You generally don't need to worry about this - ODA Reader handles it automatically.

Custom Rate Limiting Strategies

Beyond basic rate limiting configuration, you can implement custom strategies:

Disable Rate Limiting (Use Carefully)

from oda_reader import API_RATE_LIMITER

# Effectively disable (very high limit)
API_RATE_LIMITER.max_calls = 1000
API_RATE_LIMITER.period = 1

Warning: This may get you blocked by OECD's servers.

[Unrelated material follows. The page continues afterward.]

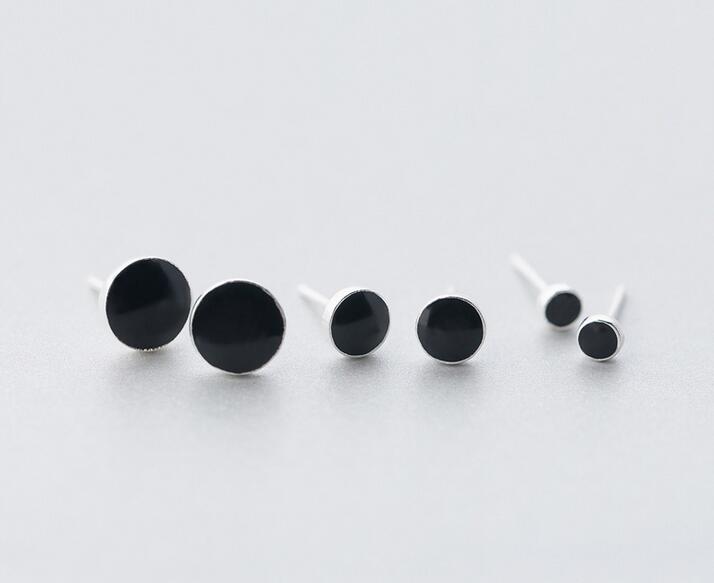 Men's Women's new 1pair Real. Sterling Silver Jewelry Black Enamel Round stud Earrings jewelry GTLE1241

Only use for testing or if you have permission.

Dynamic Rate Limiting

# Start conservative
API_RATE_LIMITER.max_calls = 10
API_RATE_LIMITER.period = 60

# Make some calls...

# Adjust based on response times or errors
if experiencing_slowdowns:
    API_RATE_LIMITER.max_calls = 5  # Slow down

Check Rate Limiter State

# Access internal state (undocumented, subject to change)
print(f"Calls made: {len(API_RATE_LIMITER.call_times)}")
print(f"Max calls: {API_RATE_LIMITER.max_calls}")

Combining Multiple Queries

For complex analysis, you might combine multiple queries:

from oda_reader import download_dac1, download_dac2a
import pandas as pd

# Get donor totals from DAC1
donor_totals = download_dac1(start_year=2022, end_year=2022)

# Get bilateral flows from DAC2a
bilateral = download_dac2a(start_year=2022, end_year=2022)

# Merge for analysis
# (Note: ensure compatible schemas and codes)
combined = pd.merge(
    donor_totals,
    bilateral,
    on=['donor', 'year'],
    how='inner'
)

Tips: - Use same pre_process and dotstat_codes settings for compatibility - Column names and codes must align - Filter carefully to avoid double-counting

Load Schema Mapping Files

import json
from pathlib import Path

# Find ODA Reader installation
import oda_reader
package_path = Path(oda_reader.__file__).parent

# Load schema mapping
with open(package_path / 'schemas/mappings/dac1_mapping.json') as f:
    mapping = json.load(f)

# Use for custom translation
print(mapping['DONOR']['mapping'])
# {'1': 'AUS', '2': 'AUT', ...}

Working with Large Datasets in Production

For production pipelines with large datasets:

Use Bulk Downloads + Local Storage

from oda_reader import bulk_download_crs
import pandas as pd

# Download once, save locally
bulk_download_crs(save_to_path="/data/crs_full.parquet")

# In your pipeline, read from local file (fast)
def get_crs_data():
    return pd.read_parquet("/data/crs_full.parquet")

Debugging Tips

Enable Verbose Logging

ODA Reader doesn't have built-in verbose logging yet, but you can inspect behavior:

# Check cache behavior
from oda_reader import get_cache_dir, get_http_cache_info

print(f"Cache location: {get_cache_dir()}")
print(f"HTTP cache info: {get_http_cache_info()}")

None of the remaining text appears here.